→ Task to complete
Leave the pictures out. Return all other data exactly.

→ Data section
--------------------
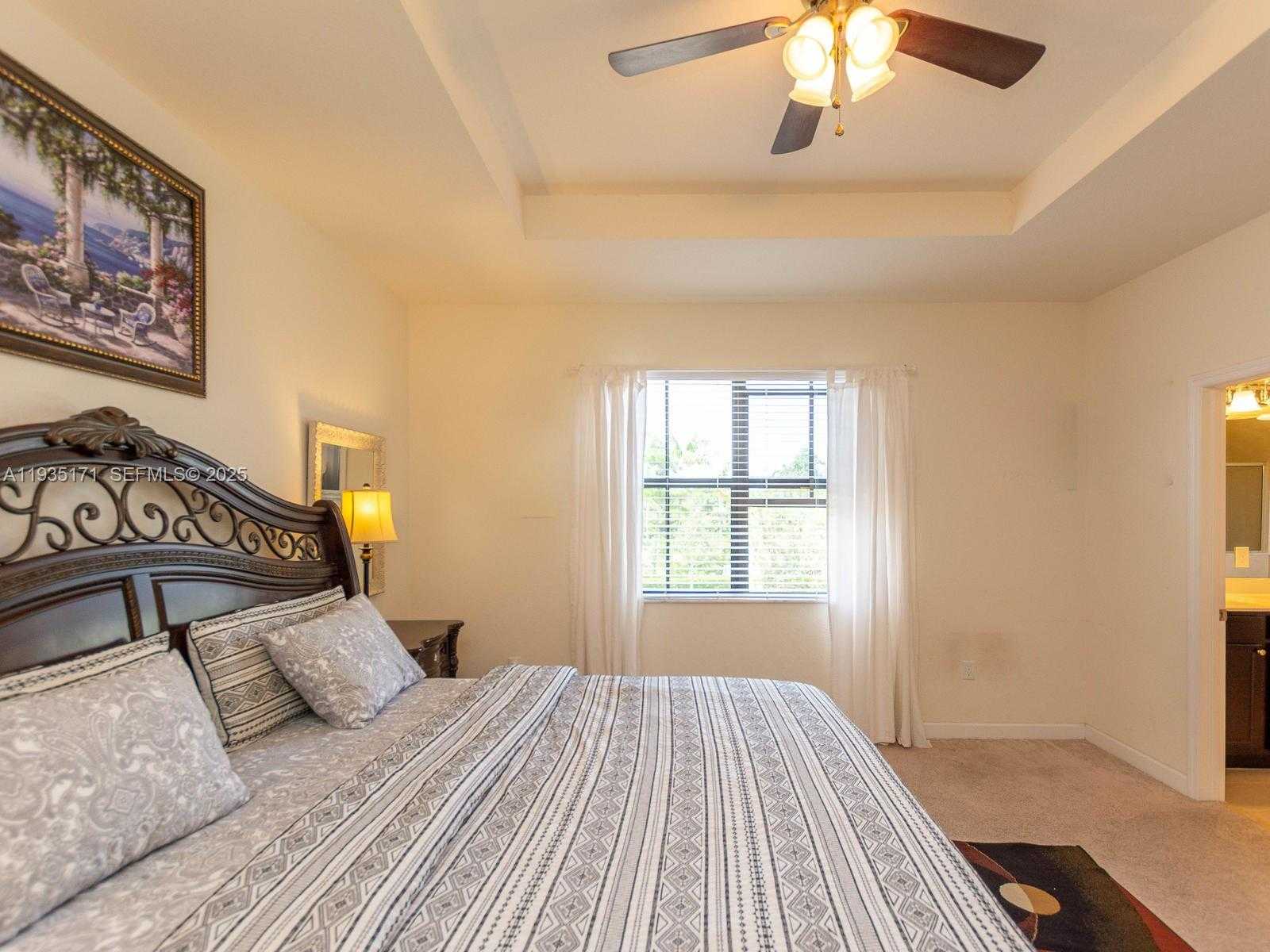 Small Image of 12320 SOUTH VILLAGE CIR #12320, Davie Number 17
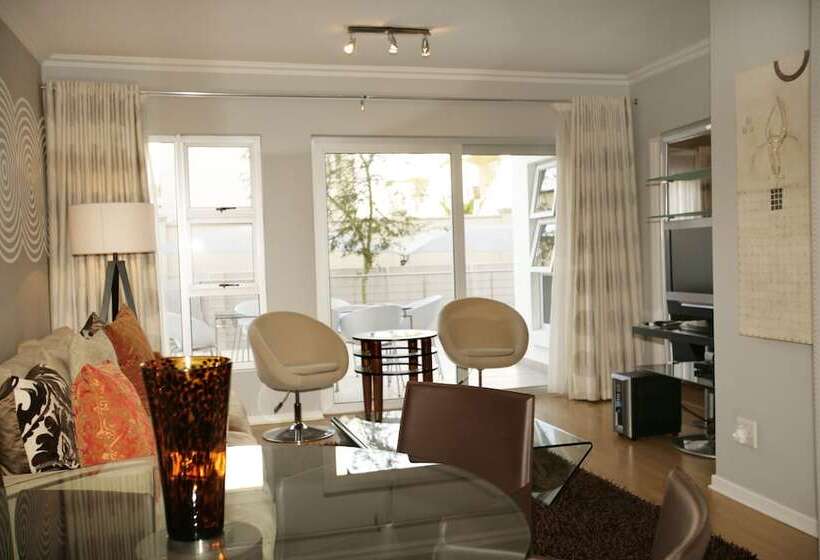 Urban Hip Hotels   Splice Riviera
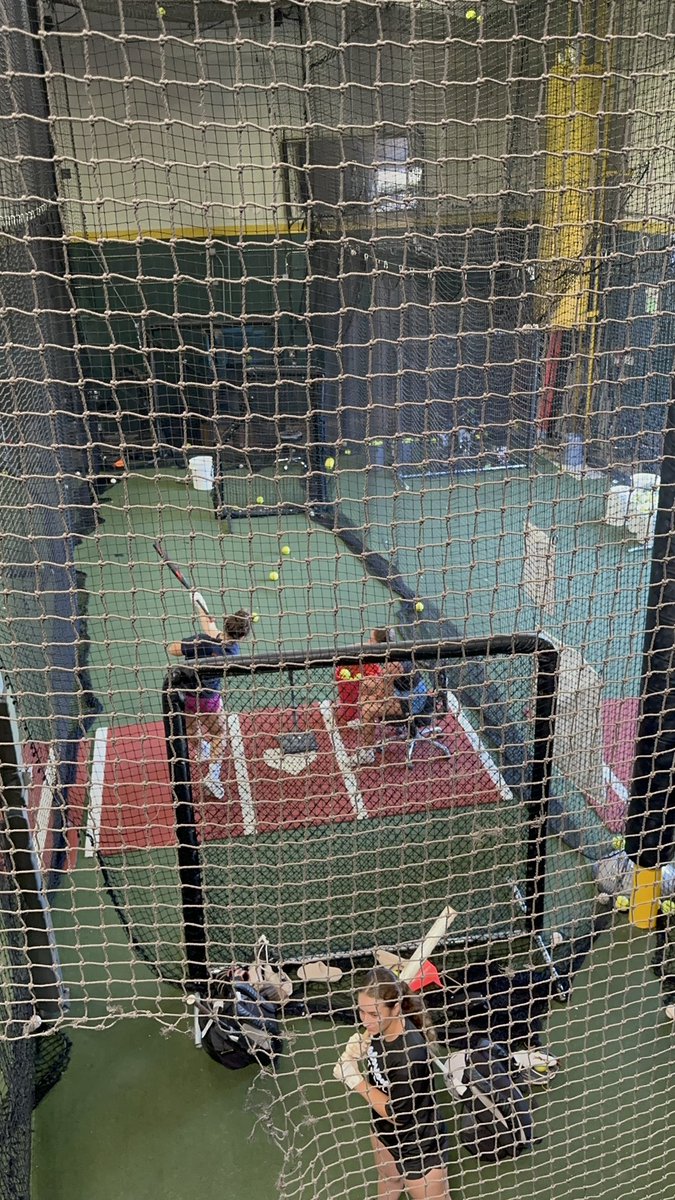 CarissaNAnaya's tweet photo. Late night hitting in Cali w one of my fav Louisiana peeps @EmmaBailey2025. Special thanks to @GiannaGusman and fam for the cage hookup. @NationalEsparza https://t.co/2l7CQqDNM9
--------------------
→ Task answer
 Small Image of 12320 SOUTH VILLAGE CIR #12320, Davie Number 17
 Urban Hip Hotels   Splice Riviera
 CarissaNAnaya's tweet photo. Late night hitting in Cali w one of my fav Louisiana peeps @EmmaBailey2025. Special thanks to @GiannaGusman and fam for the cage hookup. @NationalEsparza https://t.co/2l7CQqDNM9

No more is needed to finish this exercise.